Supplied material:
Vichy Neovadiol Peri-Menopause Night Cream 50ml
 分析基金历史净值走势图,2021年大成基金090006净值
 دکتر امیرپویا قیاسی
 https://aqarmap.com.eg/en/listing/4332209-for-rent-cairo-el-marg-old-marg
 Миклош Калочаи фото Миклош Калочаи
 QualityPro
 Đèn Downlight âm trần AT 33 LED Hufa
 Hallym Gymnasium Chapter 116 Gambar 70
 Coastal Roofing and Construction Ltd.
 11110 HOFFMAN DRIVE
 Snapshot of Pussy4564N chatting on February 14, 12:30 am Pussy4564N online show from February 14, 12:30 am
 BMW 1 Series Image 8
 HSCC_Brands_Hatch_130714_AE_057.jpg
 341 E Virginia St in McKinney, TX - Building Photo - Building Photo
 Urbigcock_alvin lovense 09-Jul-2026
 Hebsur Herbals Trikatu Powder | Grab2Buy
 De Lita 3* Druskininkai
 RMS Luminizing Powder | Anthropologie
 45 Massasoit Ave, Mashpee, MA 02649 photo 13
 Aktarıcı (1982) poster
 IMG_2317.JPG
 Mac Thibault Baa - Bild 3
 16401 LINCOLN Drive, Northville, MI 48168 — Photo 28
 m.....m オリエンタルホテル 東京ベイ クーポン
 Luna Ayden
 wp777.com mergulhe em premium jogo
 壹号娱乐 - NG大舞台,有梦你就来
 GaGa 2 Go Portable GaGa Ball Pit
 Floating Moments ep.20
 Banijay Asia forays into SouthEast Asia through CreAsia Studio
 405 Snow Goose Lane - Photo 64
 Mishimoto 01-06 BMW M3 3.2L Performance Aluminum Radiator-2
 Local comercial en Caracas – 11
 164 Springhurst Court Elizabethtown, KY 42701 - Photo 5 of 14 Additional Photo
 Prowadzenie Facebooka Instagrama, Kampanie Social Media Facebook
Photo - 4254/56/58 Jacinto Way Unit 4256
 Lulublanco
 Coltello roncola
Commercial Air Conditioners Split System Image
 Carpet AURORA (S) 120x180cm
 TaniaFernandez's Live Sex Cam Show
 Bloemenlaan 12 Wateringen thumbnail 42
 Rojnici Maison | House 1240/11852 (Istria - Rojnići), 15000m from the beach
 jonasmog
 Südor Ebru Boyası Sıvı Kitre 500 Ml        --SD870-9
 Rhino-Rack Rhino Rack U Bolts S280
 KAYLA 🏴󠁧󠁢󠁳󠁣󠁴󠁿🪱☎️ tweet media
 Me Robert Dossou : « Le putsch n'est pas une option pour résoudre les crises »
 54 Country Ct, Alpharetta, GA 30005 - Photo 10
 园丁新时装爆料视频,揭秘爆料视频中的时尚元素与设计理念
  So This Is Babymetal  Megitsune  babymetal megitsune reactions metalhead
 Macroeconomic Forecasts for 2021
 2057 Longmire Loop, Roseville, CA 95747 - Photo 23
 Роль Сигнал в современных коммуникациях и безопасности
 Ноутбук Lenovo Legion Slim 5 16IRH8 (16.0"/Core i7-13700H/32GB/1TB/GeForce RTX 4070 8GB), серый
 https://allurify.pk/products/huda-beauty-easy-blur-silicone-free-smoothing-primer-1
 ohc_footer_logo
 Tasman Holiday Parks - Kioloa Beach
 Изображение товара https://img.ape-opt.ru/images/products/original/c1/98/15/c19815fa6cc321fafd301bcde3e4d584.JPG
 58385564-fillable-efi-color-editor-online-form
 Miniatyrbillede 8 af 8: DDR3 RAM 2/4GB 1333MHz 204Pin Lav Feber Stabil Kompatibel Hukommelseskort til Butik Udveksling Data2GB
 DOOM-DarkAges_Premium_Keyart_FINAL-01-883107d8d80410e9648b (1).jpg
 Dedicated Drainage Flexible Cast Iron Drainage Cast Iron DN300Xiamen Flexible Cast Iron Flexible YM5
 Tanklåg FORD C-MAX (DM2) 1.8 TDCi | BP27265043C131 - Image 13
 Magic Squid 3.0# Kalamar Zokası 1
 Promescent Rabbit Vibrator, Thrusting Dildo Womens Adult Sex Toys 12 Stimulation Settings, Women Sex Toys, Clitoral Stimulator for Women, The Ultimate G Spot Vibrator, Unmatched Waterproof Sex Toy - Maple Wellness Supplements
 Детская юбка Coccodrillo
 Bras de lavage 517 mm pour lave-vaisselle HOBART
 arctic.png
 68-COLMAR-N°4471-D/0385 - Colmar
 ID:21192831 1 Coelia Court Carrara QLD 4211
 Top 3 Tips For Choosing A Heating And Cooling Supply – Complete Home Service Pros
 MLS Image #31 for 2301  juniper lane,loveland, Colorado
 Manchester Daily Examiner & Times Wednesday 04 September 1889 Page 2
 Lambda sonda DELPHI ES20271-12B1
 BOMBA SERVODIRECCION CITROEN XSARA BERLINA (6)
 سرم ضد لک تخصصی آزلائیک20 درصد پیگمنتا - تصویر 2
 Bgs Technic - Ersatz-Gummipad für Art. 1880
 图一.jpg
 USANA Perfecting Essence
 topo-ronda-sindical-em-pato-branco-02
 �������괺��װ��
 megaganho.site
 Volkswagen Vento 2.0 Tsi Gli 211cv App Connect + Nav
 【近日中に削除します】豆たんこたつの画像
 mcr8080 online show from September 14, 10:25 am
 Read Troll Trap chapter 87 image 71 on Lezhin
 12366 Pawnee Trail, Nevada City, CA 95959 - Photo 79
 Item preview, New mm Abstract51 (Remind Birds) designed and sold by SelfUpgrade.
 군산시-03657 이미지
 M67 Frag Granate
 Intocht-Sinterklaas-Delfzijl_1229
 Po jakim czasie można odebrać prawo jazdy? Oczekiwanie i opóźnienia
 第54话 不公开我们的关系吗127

Exercise requirements:
Write each record above out again exactly as it reads.

Answer to this problem:
Vichy Neovadiol Peri-Menopause Night Cream 50ml
 分析基金历史净值走势图,2021年大成基金090006净值
 دکتر امیرپویا قیاسی
 https://aqarmap.com.eg/en/listing/4332209-for-rent-cairo-el-marg-old-marg
 Миклош Калочаи фото Миклош Калочаи
 QualityPro
 Đèn Downlight âm trần AT 33 LED Hufa
 Hallym Gymnasium Chapter 116 Gambar 70
 Coastal Roofing and Construction Ltd.
 11110 HOFFMAN DRIVE
 Snapshot of Pussy4564N chatting on February 14, 12:30 am Pussy4564N online show from February 14, 12:30 am
 BMW 1 Series Image 8
 HSCC_Brands_Hatch_130714_AE_057.jpg
 341 E Virginia St in McKinney, TX - Building Photo - Building Photo
 Urbigcock_alvin lovense 09-Jul-2026
 Hebsur Herbals Trikatu Powder | Grab2Buy
 De Lita 3* Druskininkai
 RMS Luminizing Powder | Anthropologie
 45 Massasoit Ave, Mashpee, MA 02649 photo 13
 Aktarıcı (1982) poster
 IMG_2317.JPG
 Mac Thibault Baa - Bild 3
 16401 LINCOLN Drive, Northville, MI 48168 — Photo 28
 m.....m オリエンタルホテル 東京ベイ クーポン
 Luna Ayden
 wp777.com mergulhe em premium jogo
 壹号娱乐 - NG大舞台,有梦你就来
 GaGa 2 Go Portable GaGa Ball Pit
 Floating Moments ep.20
 Banijay Asia forays into SouthEast Asia through CreAsia Studio
 405 Snow Goose Lane - Photo 64
 Mishimoto 01-06 BMW M3 3.2L Performance Aluminum Radiator-2
 Local comercial en Caracas – 11
 164 Springhurst Court Elizabethtown, KY 42701 - Photo 5 of 14 Additional Photo
 Prowadzenie Facebooka Instagrama, Kampanie Social Media Facebook
Photo - 4254/56/58 Jacinto Way Unit 4256
 Lulublanco
 Coltello roncola
Commercial Air Conditioners Split System Image
 Carpet AURORA (S) 120x180cm
 TaniaFernandez's Live Sex Cam Show
 Bloemenlaan 12 Wateringen thumbnail 42
 Rojnici Maison | House 1240/11852 (Istria - Rojnići), 15000m from the beach
 jonasmog
 Südor Ebru Boyası Sıvı Kitre 500 Ml        --SD870-9
 Rhino-Rack Rhino Rack U Bolts S280
 KAYLA 🏴󠁧󠁢󠁳󠁣󠁴󠁿🪱☎️ tweet media
 Me Robert Dossou : « Le putsch n'est pas une option pour résoudre les crises »
 54 Country Ct, Alpharetta, GA 30005 - Photo 10
 园丁新时装爆料视频,揭秘爆料视频中的时尚元素与设计理念
  So This Is Babymetal  Megitsune  babymetal megitsune reactions metalhead
 Macroeconomic Forecasts for 2021
 2057 Longmire Loop, Roseville, CA 95747 - Photo 23
 Роль Сигнал в современных коммуникациях и безопасности
 Ноутбук Lenovo Legion Slim 5 16IRH8 (16.0"/Core i7-13700H/32GB/1TB/GeForce RTX 4070 8GB), серый
 https://allurify.pk/products/huda-beauty-easy-blur-silicone-free-smoothing-primer-1
 ohc_footer_logo
 Tasman Holiday Parks - Kioloa Beach
 Изображение товара https://img.ape-opt.ru/images/products/original/c1/98/15/c19815fa6cc321fafd301bcde3e4d584.JPG
 58385564-fillable-efi-color-editor-online-form
 Miniatyrbillede 8 af 8: DDR3 RAM 2/4GB 1333MHz 204Pin Lav Feber Stabil Kompatibel Hukommelseskort til Butik Udveksling Data2GB
 DOOM-DarkAges_Premium_Keyart_FINAL-01-883107d8d80410e9648b (1).jpg
 Dedicated Drainage Flexible Cast Iron Drainage Cast Iron DN300Xiamen Flexible Cast Iron Flexible YM5
 Tanklåg FORD C-MAX (DM2) 1.8 TDCi | BP27265043C131 - Image 13
 Magic Squid 3.0# Kalamar Zokası 1
 Promescent Rabbit Vibrator, Thrusting Dildo Womens Adult Sex Toys 12 Stimulation Settings, Women Sex Toys, Clitoral Stimulator for Women, The Ultimate G Spot Vibrator, Unmatched Waterproof Sex Toy - Maple Wellness Supplements
 Детская юбка Coccodrillo
 Bras de lavage 517 mm pour lave-vaisselle HOBART
 arctic.png
 68-COLMAR-N°4471-D/0385 - Colmar
 ID:21192831 1 Coelia Court Carrara QLD 4211
 Top 3 Tips For Choosing A Heating And Cooling Supply – Complete Home Service Pros
 MLS Image #31 for 2301  juniper lane,loveland, Colorado
 Manchester Daily Examiner & Times Wednesday 04 September 1889 Page 2
 Lambda sonda DELPHI ES20271-12B1
 BOMBA SERVODIRECCION CITROEN XSARA BERLINA (6)
 سرم ضد لک تخصصی آزلائیک20 درصد پیگمنتا - تصویر 2
 Bgs Technic - Ersatz-Gummipad für Art. 1880
 图一.jpg
 USANA Perfecting Essence
 topo-ronda-sindical-em-pato-branco-02
 �������괺��װ��
 megaganho.site
 Volkswagen Vento 2.0 Tsi Gli 211cv App Connect + Nav
 【近日中に削除します】豆たんこたつの画像
 mcr8080 online show from September 14, 10:25 am
 Read Troll Trap chapter 87 image 71 on Lezhin
 12366 Pawnee Trail, Nevada City, CA 95959 - Photo 79
 Item preview, New mm Abstract51 (Remind Birds) designed and sold by SelfUpgrade.
 군산시-03657 이미지
 M67 Frag Granate
 Intocht-Sinterklaas-Delfzijl_1229
 Po jakim czasie można odebrać prawo jazdy? Oczekiwanie i opóźnienia
 第54话 不公开我们的关系吗127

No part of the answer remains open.